Lean In
, the bestselling book by Nell Scovell and Facebook’s Sheryl Sandberg, has a chapter advising women on how to pick a husband if they want to succeed in Corporate America. The chapter is titled “Make Your Partner a Real Partner.” It turns out that marriage is correlated with success: “Of the twenty-eight women who have served as CEOs of Fortune 500 companies, twenty-six were married, one was divorced, and only one had never married.”
Sandberg and Scovell decry the findings of surveys that, on average, men don’t do as much in the home as women. The book says “We all need to encourage men to lean in to their families.” I.e., men should be changed. The authors are not wide-eyed optimists when it comes to the prospects of scrubbing up a Neanderthal into a sensitive vegan so they recommend careful selection prior to the marriage: “do not marry [an attractive-to-you man]. The things that make the bad boys sexy do not make them good husbands. When it comes time to settle down, find someone who wants an equal partner.”
How easy is this? “Wonderful, sensitive men of all ages are out there. And the more women value kindness and support in their boyfriends, the more men will demonstrate it.” The chapter concludes “We need more men to sit at the table… the kitchen table.”
[To the woman who hasn’t been successful in finding a plausible mate, Sandberg’s message is basically “Look how incompetent you are compared to me. Not only do you make less than $50 million per year but you didn’t realize that there are millions of single guys out there who would rather change diapers and talk about feelings than watch NASCAR and football.”]
The couples with which Sandberg is familiar seem to be ones in which nannies and cleaners do most of the household and child-related work. Really the marital squabble seems to come down to which parent decides how to spend the near-infinite river of family income on local, organic, vegan, and gluten-free items at Whole Foods. The authors cite a couple in Massachusetts that I actually know. The mom is a bigshot at a non-profit organization. The dad is a child psychiatrist who, according to Sandberg, “leaned in” to do far more than the traditional male share of child rearing. Perhaps he did, but this couple has twins that are about the same age as Greta, my 3.5-year-old, so I see the kids a lot. Of the 50 or so times that I’ve seen the twins, were they with mom or dad? Once they were with mom. Once they were with both parents. 48 times they were with a Brazilian nanny.
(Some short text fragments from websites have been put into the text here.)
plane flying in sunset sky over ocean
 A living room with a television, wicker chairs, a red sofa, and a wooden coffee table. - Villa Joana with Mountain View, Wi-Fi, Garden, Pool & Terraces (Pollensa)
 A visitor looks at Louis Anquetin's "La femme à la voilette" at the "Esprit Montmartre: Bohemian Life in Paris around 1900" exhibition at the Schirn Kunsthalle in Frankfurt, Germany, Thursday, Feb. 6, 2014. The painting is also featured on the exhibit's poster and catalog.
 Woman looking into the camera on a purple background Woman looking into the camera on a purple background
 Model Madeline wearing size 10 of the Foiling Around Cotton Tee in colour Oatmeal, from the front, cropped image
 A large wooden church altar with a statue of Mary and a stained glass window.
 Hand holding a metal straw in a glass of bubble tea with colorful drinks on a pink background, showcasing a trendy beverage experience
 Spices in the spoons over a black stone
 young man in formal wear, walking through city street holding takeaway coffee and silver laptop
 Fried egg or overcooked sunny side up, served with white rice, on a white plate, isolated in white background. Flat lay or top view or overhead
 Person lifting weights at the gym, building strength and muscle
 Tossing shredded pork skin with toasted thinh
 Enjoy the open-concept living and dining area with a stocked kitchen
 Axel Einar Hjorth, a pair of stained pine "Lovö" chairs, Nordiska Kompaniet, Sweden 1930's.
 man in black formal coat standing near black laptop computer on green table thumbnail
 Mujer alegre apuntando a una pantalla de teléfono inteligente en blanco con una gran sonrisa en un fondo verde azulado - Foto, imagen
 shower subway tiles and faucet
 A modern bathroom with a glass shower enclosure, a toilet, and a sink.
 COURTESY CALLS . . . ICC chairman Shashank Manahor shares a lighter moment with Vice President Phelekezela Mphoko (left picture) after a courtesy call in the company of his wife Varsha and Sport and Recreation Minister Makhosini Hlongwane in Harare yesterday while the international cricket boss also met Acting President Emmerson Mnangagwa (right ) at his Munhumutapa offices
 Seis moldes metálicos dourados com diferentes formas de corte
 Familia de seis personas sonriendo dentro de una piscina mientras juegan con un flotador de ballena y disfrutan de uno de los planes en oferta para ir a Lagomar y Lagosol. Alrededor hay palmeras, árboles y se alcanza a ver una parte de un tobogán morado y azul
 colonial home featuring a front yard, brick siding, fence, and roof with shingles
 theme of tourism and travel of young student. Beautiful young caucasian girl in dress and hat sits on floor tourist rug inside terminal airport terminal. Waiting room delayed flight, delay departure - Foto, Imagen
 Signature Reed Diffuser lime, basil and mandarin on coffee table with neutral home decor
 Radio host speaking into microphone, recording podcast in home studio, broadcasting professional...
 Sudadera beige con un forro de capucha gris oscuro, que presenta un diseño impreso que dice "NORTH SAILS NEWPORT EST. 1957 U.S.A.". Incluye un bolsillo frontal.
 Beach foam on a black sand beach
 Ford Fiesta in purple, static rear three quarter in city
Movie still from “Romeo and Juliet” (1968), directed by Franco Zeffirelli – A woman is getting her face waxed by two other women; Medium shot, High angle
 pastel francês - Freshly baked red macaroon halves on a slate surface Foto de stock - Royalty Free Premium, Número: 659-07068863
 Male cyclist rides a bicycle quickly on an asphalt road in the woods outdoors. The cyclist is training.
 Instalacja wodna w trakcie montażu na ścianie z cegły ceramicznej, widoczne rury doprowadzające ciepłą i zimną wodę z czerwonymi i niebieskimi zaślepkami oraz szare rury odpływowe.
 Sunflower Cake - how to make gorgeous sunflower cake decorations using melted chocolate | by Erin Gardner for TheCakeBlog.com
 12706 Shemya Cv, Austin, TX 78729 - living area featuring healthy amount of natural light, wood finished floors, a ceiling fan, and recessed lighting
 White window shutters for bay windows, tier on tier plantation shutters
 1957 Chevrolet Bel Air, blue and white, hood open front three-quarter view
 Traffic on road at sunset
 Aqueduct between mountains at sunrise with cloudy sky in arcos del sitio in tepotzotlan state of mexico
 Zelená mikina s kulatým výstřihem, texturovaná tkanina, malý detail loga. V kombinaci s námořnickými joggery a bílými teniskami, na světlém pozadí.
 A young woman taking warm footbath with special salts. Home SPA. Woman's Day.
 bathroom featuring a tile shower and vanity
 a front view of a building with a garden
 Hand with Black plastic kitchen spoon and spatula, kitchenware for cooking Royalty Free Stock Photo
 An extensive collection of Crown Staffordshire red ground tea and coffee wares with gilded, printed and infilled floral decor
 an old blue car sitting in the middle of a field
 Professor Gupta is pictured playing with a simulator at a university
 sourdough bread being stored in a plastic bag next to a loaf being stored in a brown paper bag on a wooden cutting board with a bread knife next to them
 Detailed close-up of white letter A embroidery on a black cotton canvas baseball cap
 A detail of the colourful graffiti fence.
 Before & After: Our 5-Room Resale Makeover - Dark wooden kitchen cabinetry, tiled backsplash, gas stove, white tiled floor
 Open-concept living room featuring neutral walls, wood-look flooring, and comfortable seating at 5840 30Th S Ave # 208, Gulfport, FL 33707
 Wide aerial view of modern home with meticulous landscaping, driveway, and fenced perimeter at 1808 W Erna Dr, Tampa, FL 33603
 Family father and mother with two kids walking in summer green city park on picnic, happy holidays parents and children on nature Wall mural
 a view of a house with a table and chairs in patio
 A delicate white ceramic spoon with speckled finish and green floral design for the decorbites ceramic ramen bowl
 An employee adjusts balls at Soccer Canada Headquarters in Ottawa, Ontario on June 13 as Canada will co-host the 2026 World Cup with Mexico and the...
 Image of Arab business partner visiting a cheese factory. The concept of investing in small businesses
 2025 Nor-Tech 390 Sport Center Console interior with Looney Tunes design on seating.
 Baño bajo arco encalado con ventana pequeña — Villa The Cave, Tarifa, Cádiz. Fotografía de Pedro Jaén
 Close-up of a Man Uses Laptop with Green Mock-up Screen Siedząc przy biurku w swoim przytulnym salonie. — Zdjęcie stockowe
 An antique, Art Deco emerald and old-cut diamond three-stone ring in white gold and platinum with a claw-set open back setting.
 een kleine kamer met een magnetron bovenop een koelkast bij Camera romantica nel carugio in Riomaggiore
What about the woman who does not expect to command Sandberg-style financial resources and the associated team of domestic laborers? Or the woman who is skeptical of her ability to hold a man to promises of extraordinary child-rearing efforts that he made before he had any idea of what marriage and child-rearing entailed? Let me suggest what I think is far more practical advice than Sandberg and Scovell’s: Marry the only child of immigrant parents. The couples that I know of where there is the least amount of conflict regarding household- and child-related tasks are those in which the immigrant grandparents live nearby (or in the same house) and cheerfully and skillfully contribute a huge amount of effort toward making the family successful. With Grandpa and Grandma around nearly 24×7 it is no longer critical whether or not the husband can be persuaded to give up his career ambitions, his television and video game addiction, etc.